**** Provided entries

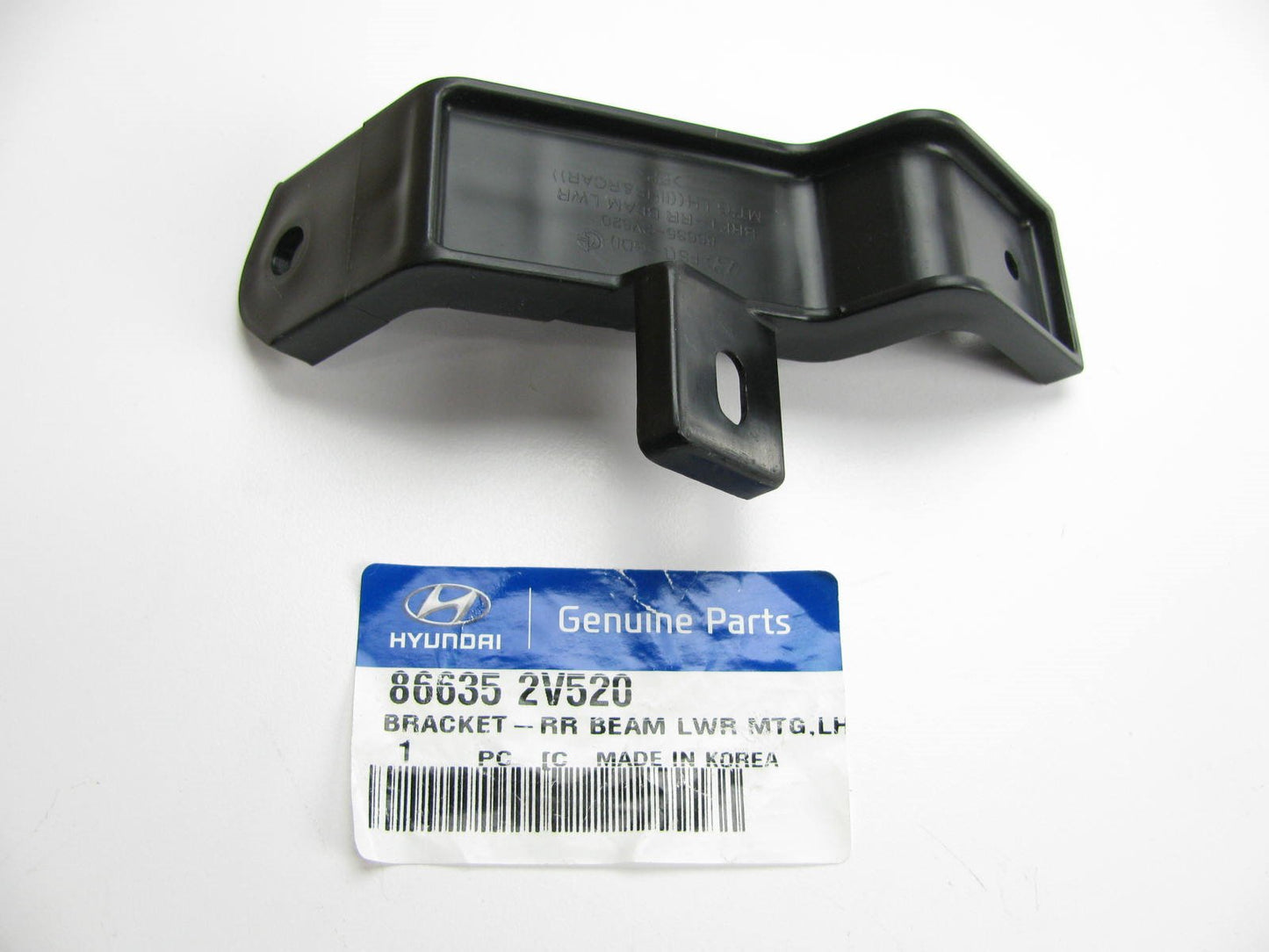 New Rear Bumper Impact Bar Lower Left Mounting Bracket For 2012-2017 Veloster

********
**** Provided entries

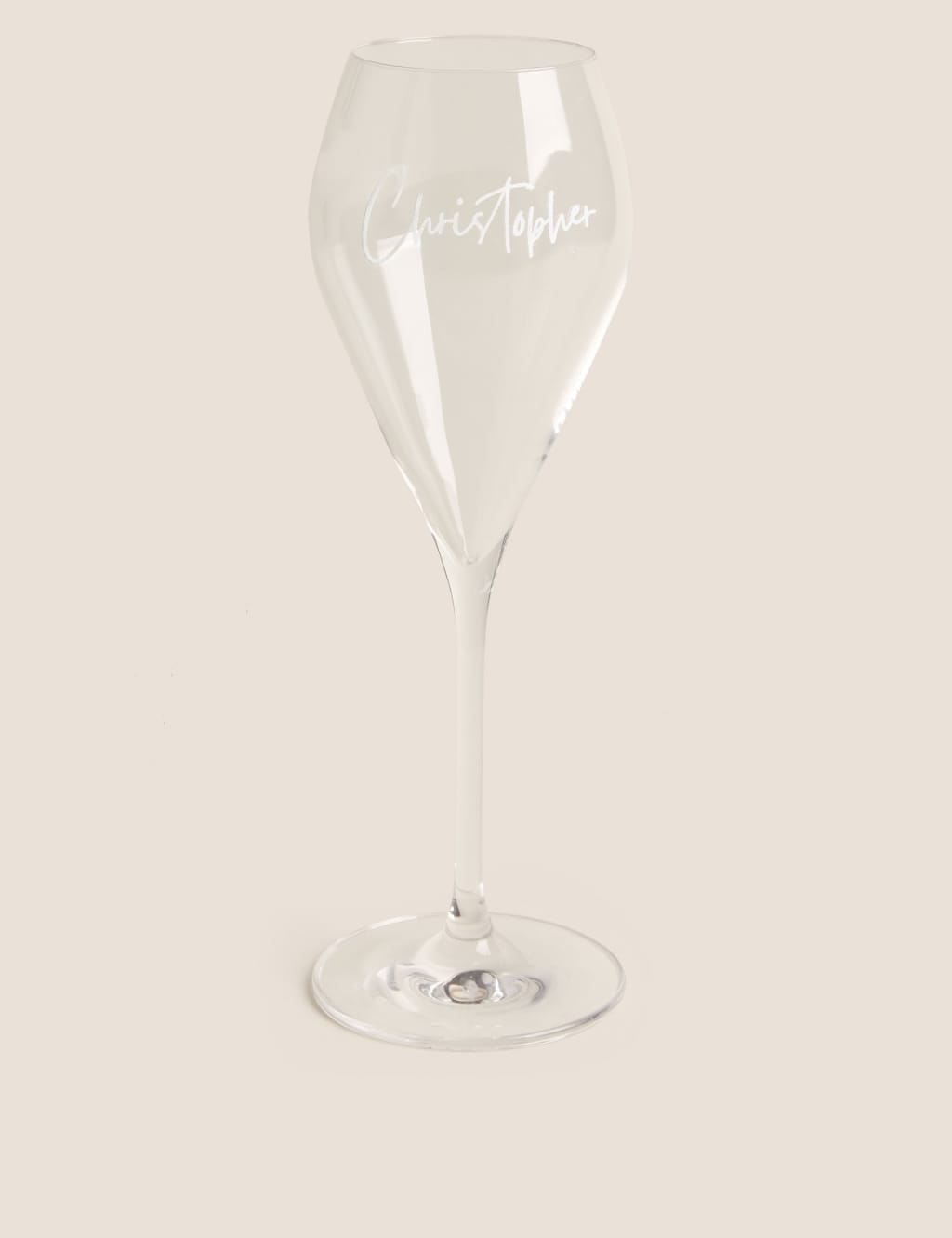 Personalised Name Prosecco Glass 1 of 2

********
**** Provided entries

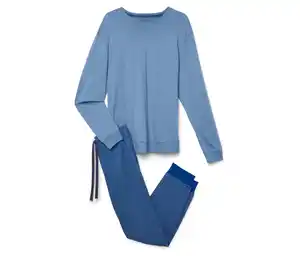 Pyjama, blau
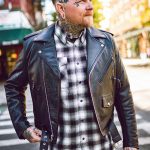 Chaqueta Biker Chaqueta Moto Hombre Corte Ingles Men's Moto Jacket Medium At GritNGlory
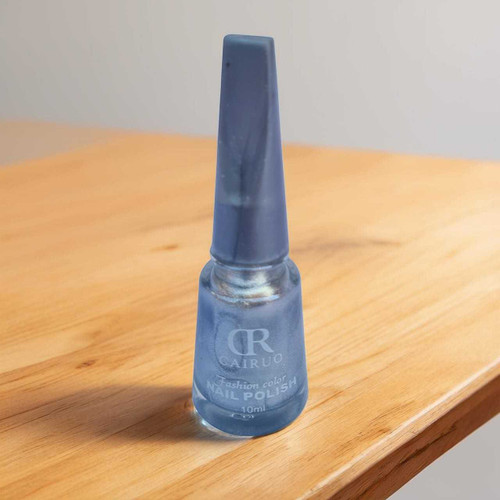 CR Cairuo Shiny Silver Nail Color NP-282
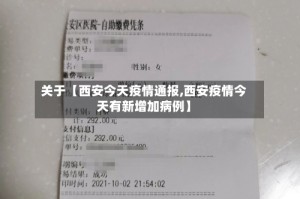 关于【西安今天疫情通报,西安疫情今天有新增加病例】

********

• [Activity]: Working from the records above, set down word for word everything from the line containing "Pyjama, blau" down to the line containing "关于【西安今天疫情通报,西安疫情今天有新增加病例】", ends included, minus the pictures.

• [Exercise answer]:
 Pyjama, blau
 Chaqueta Biker Chaqueta Moto Hombre Corte Ingles Men's Moto Jacket Medium At GritNGlory
 CR Cairuo Shiny Silver Nail Color NP-282
 关于【西安今天疫情通报,西安疫情今天有新增加病例】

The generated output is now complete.